Do you need to register to buy


#1

Do you need to registrer to buy at auction?
What do you make the checks out to?


#2

Just show up at the published time and place with cashier’s checks payable to yourself totaling the amount you want to bid and an ID. You should call Trustee ahead of time as 70-90% of sales are postpones or canceled. Often they won’t be postponed until you get there.


#3

There is another player now active in Trustee Sales in CA … that being REDC, parent of Auction.com. REDC must comply with the respective state’s law (in CA Civil Code 2924) governing trustee sales. Auction.com does require that participants “register” on the day of the sale. This “registration” I believe is a version of the “qualification” process for all CA trustee sales, whereby any bidder must step forward and show identification and also show sufficient funds to cover at least the opening bid $ amount for the particular property up for auction.
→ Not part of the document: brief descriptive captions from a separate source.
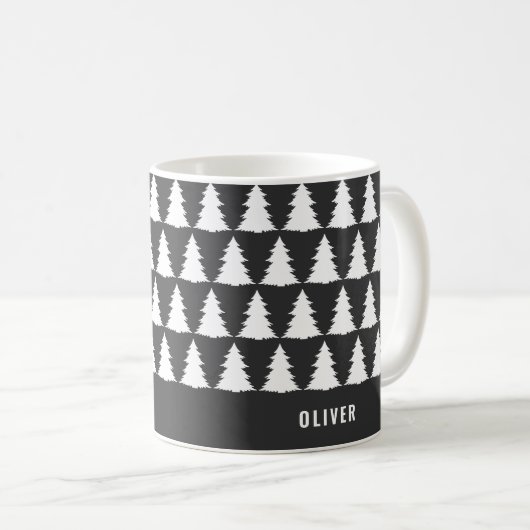 Retro Schwarz-weiße Weihnachten Moderne Minimal ei Kaffeetasse (VorderseiteRechts)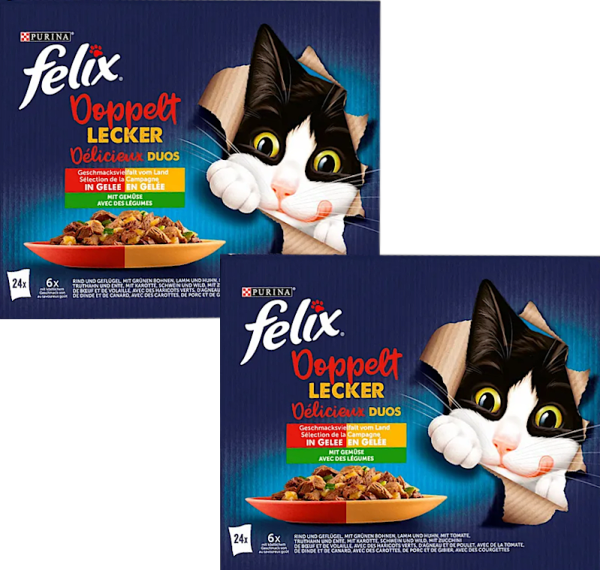 Felix Doppelt Lecker vom Land mit Gemüse - 48 x 85 g - in 4 Sorten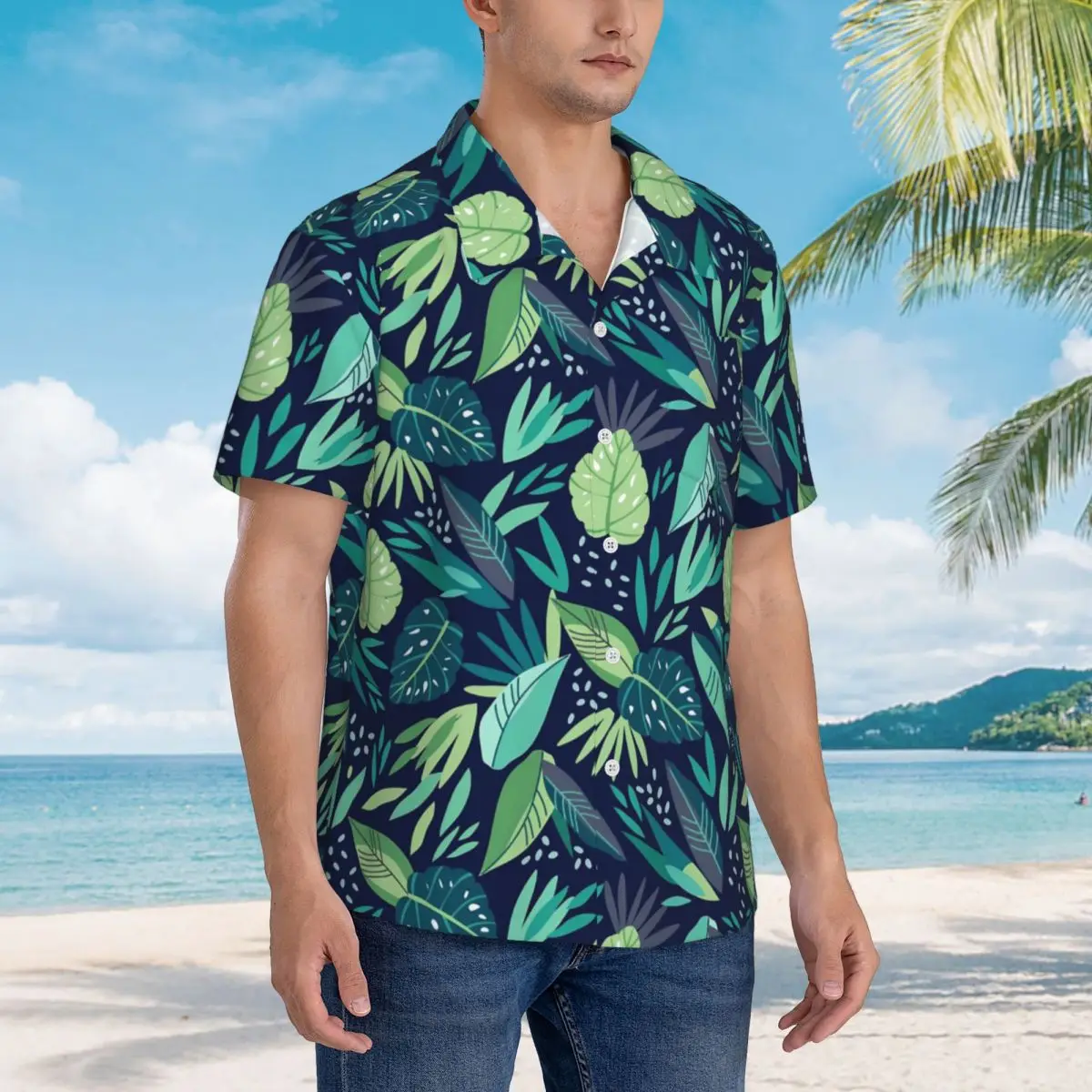 Botanisch Blad Hawaiiaans Shirt Mannelijk Strand Blauw Groen Casual Shirts Met Korte Mouwen Stijlvol Ontwerp Retro Oversized Blouses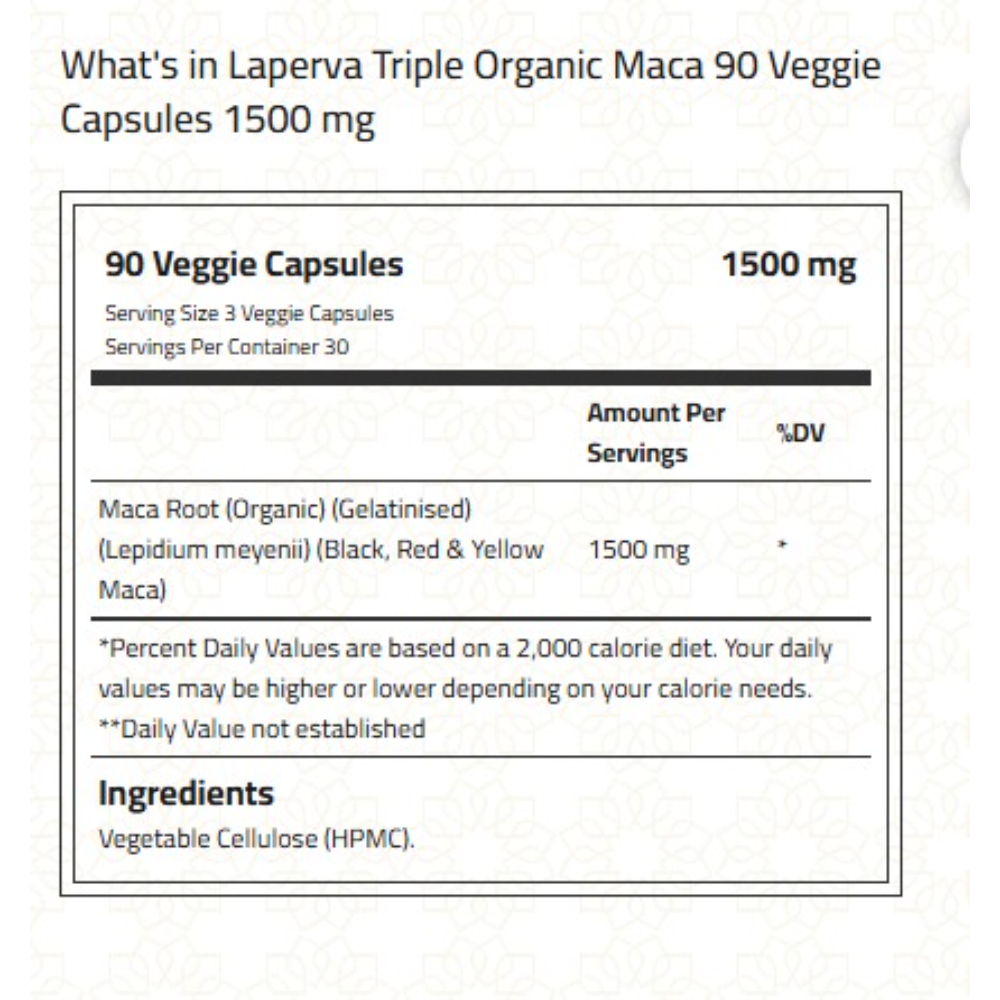 Laperva - Organic Maca Veggie Capsules - 1500Mg - 90pc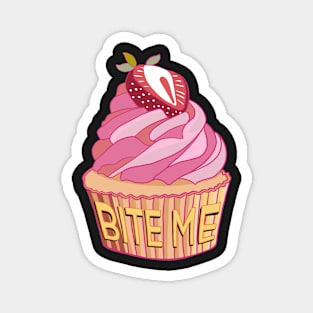 Pink Bite Me Cup Cake Magnet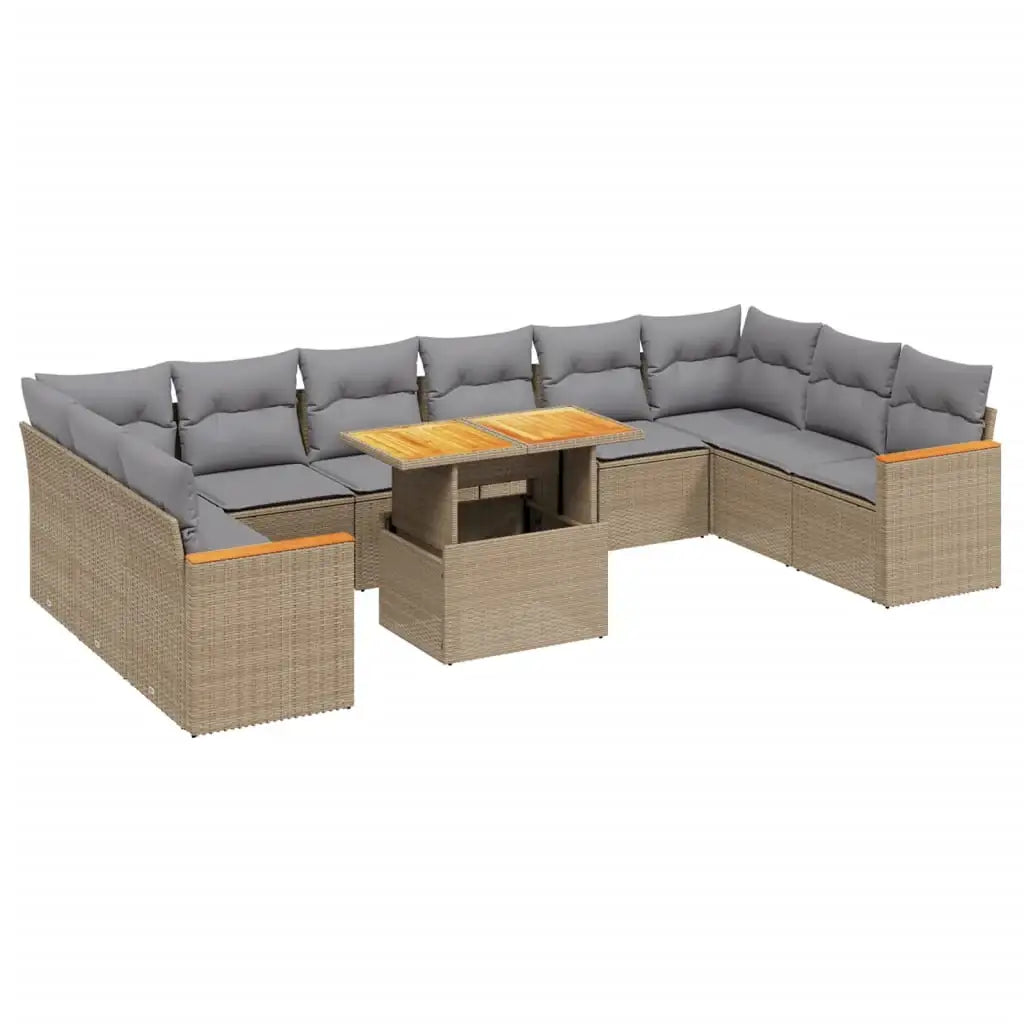 Set Divani da Giardino 11 pz con Cuscini Beige in Polyrattan - homemem39
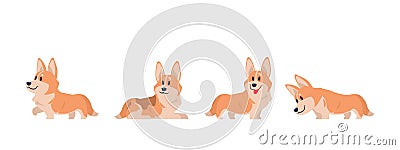 Cartoon corgi. Flat puppy for stickers, postcards, prints and posters, corgi home pet. Vector set of cartoon corgi Vector Illustration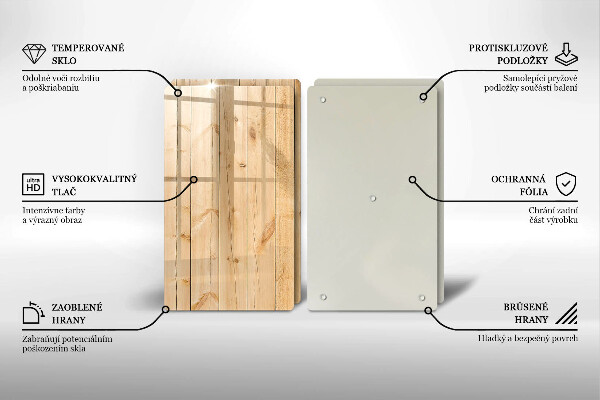Placă din sticla protectie perete Scânduri delicate din lemn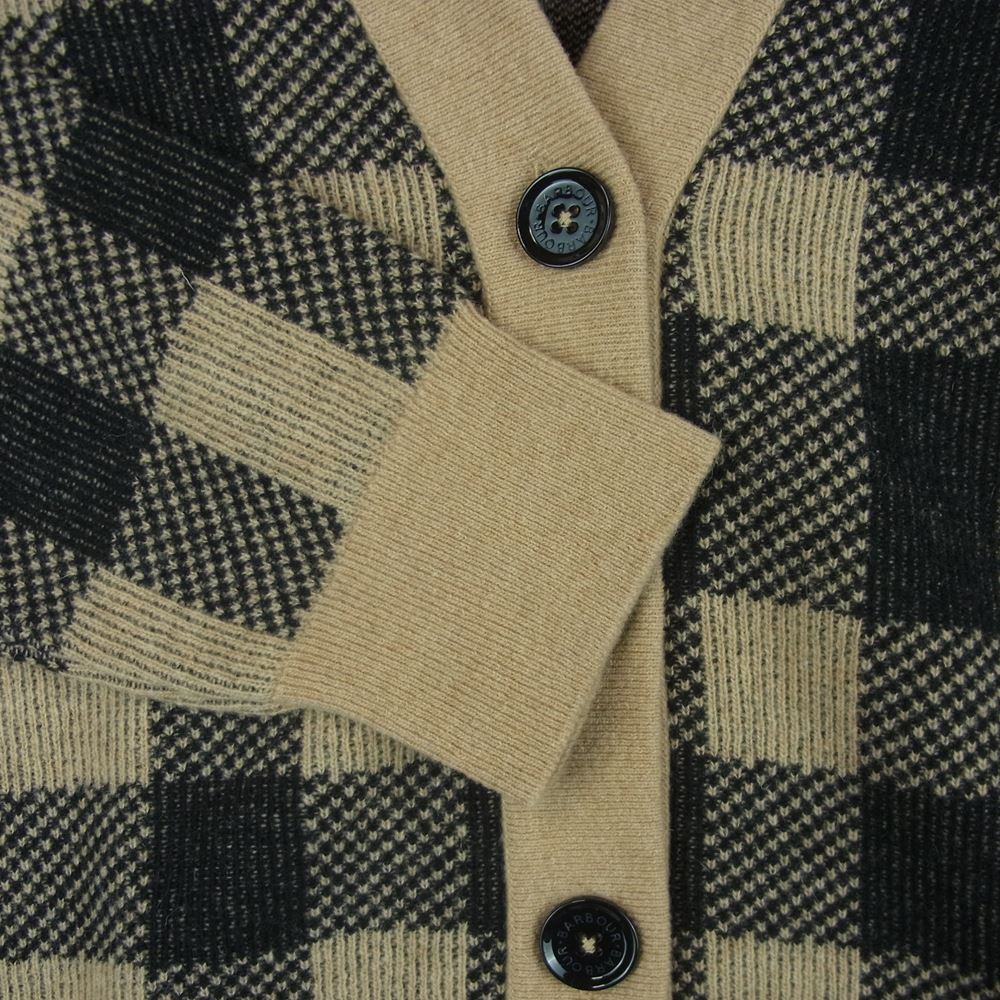 Barbour バブアー TARTAN GLENDEVON CARDY ニット カーディガン ウール トルコ製 ブラウン系 36【中古】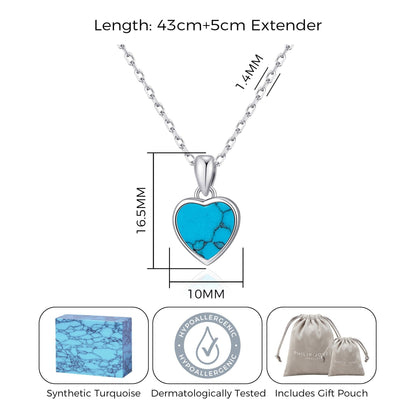 Synthetic Turquoise Gemstone Heart Necklace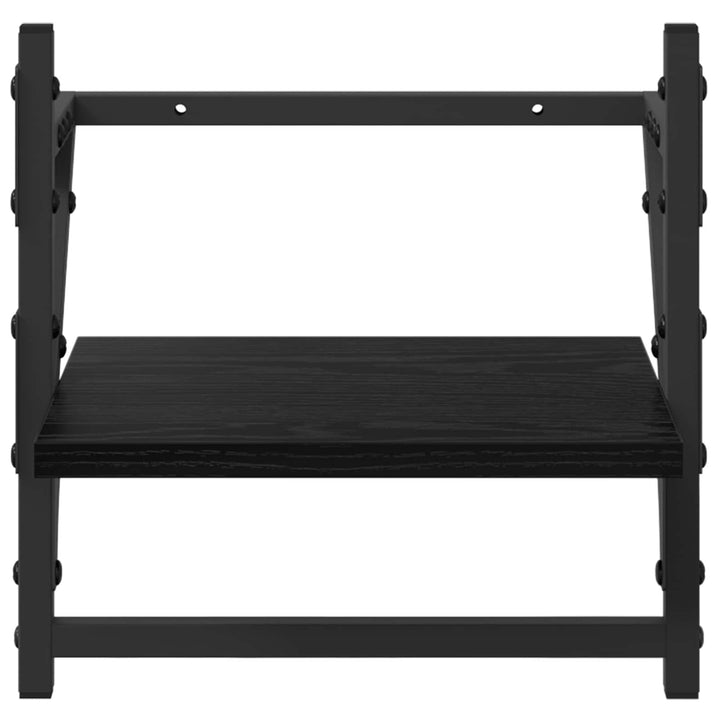 Væghyldesæt 6 pcs Sort eg 100 x 25 x 30 cm Konstrueret træ
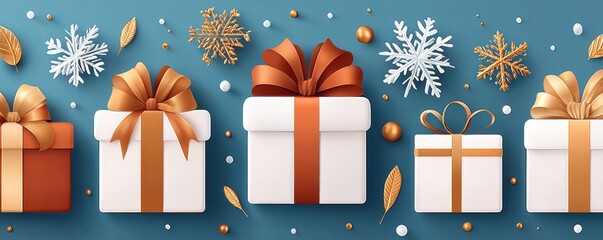 Beautiful holiday gift boxes with ribbons and festive decorations for Christmas marketing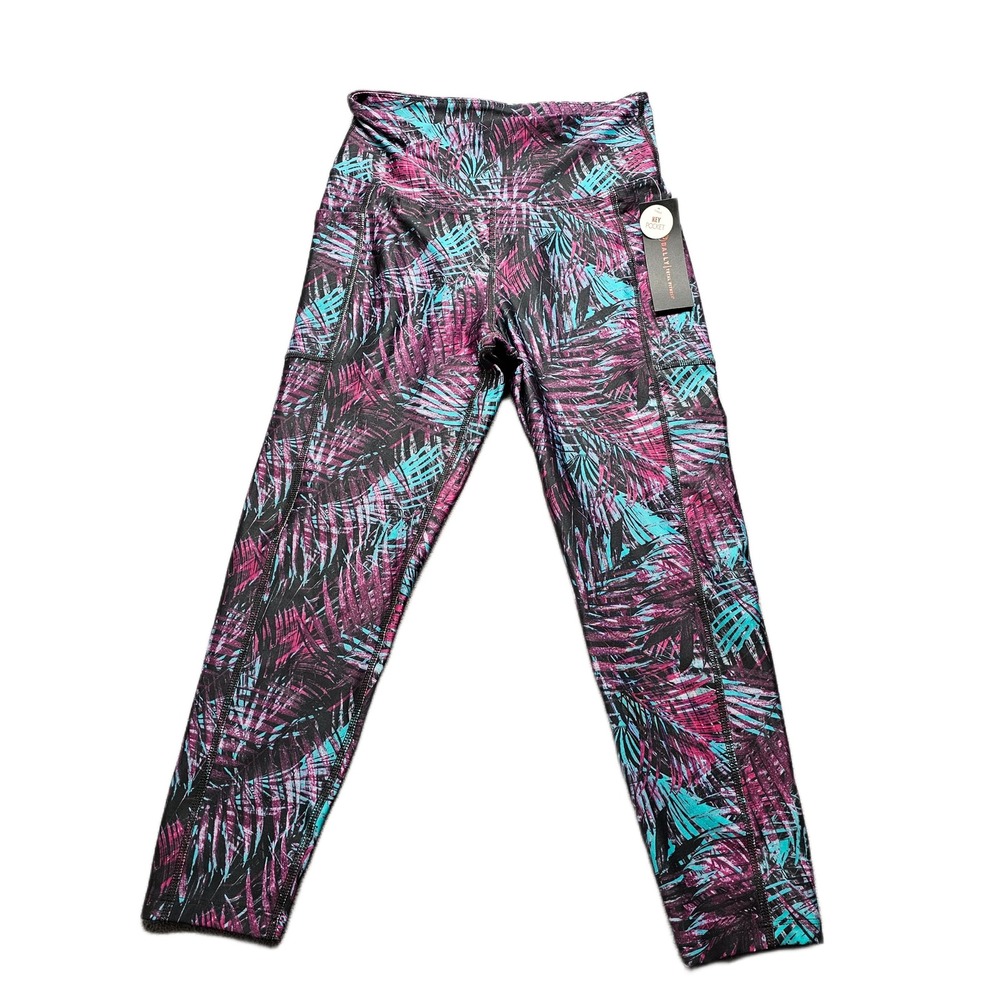 Bally Total Fitness Leggings Womens Medium Multi Tropical Leaf Print Tapered Leg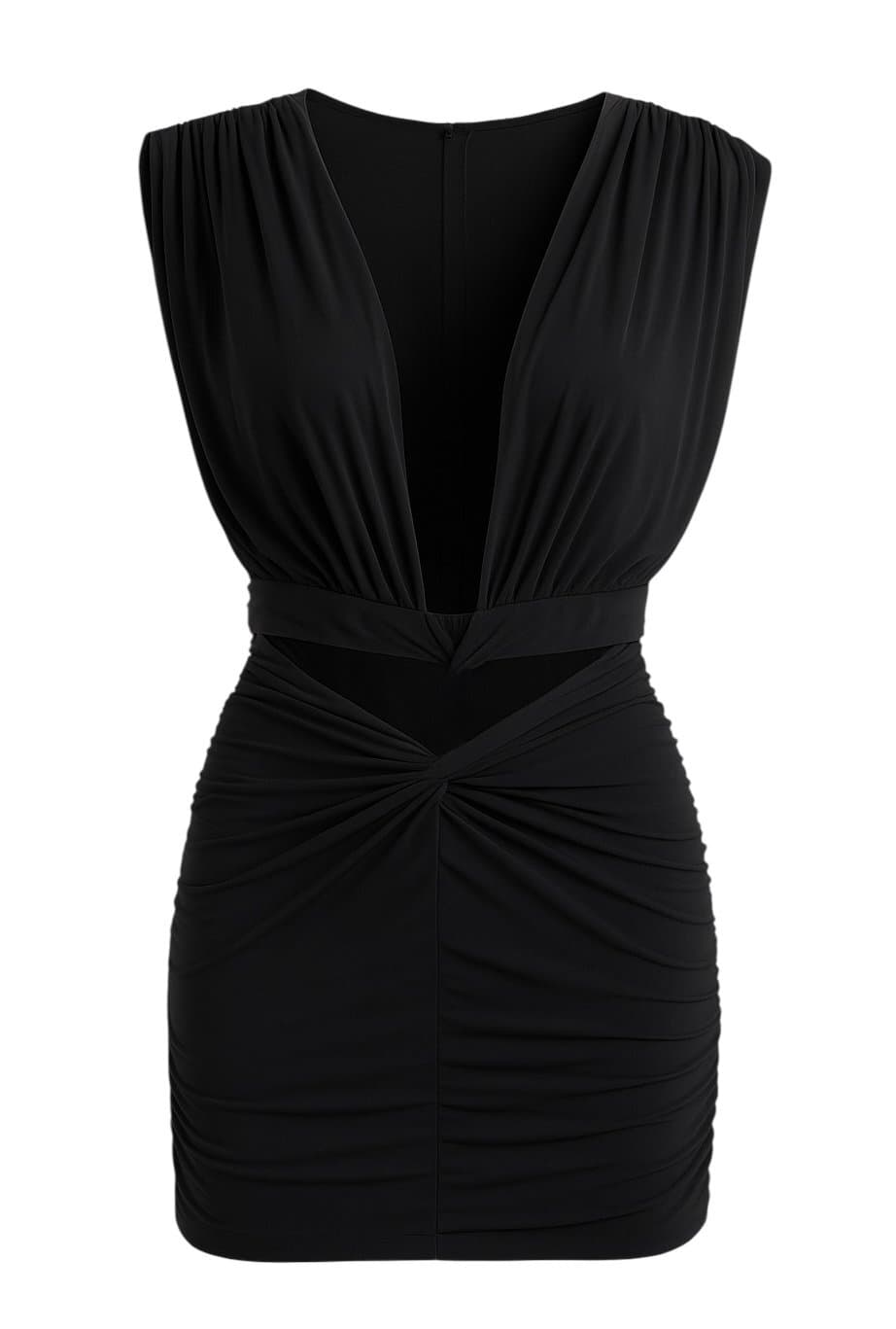 Laquan Smith Black Cutout Mini Dress Small S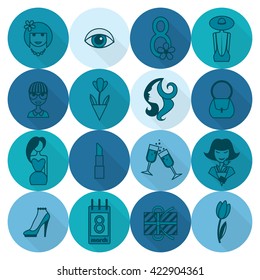 Design Elements for International Womens Day March 8, Icons. Vector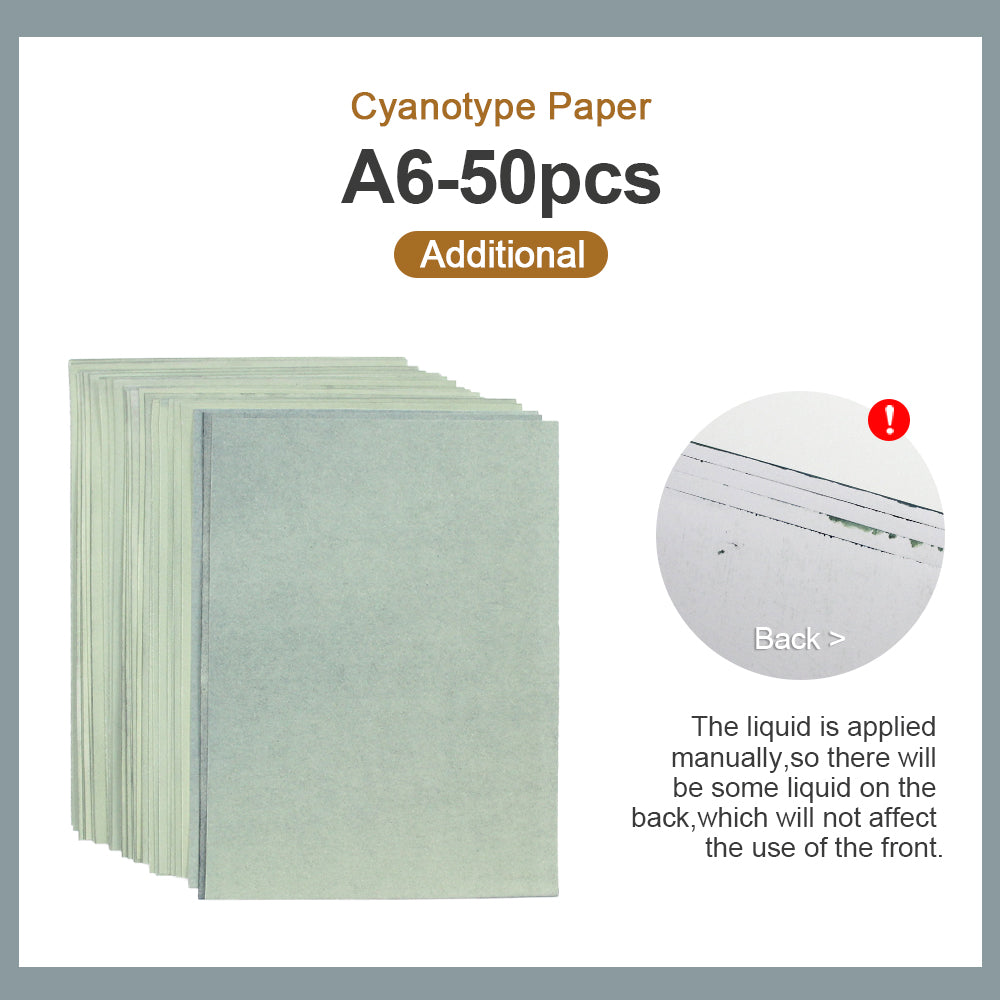 Cyanotype Set A6 Cyanotype Paper 50-Sheet Bulk Refill Sun Printing Paper DIY Supplies For Interest Classes/Stall Wholesale Bookmark/Creative Card Making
Since trustee sales are a public event, and many prospective investors show up simply to observe (w/o bidding) the process (and learn by osmosis), I doubt Auction.com could bar an interested investor from attending one of their auctions without registering? But I have not tested that theory. Anyone been to an Auction.com trustee sale and care to share their experience? The good, bad, and ugly. Thx


#4

John … re the second part of your question “who (how) do you make the checks payable?” … Unless you’re focusing solely on one specific property, it’s best to have the cashiers checks made payable to yourself. It’s easy to endorse the checks over to the trustee if you’re the successful (final) bidder. Alternatively, you can have the cashier checks made payable (ahead of time) to the trustee handling the sale of a particular property that you’ve targeted … but that’s generally not a good idea, as postponements are common, and you would be limiting yourself to buying only properties handled by that one trustee. Having the checks made payable to yourself gives you the most flexibility. Get multiple checks in various amounts (e.g. 200K, 100K, 75K, 50K, 25K, 10K, 10K, 5K, 2K, 2K, 2K, 2K, 1K, 1K). The last property I bought, I was able to tender the exact amount and as a result I got my TDUS (trustee’s deed upon sale) very quickly (5 days), as there was no need to send my file to a different dept. to cut me an overage (refund) check.

NOTE: Auction.com apparently uses only one entity for payment after a successful trustee sale bid (Auction.com LLC). After taking their cut, they then pay the trustee.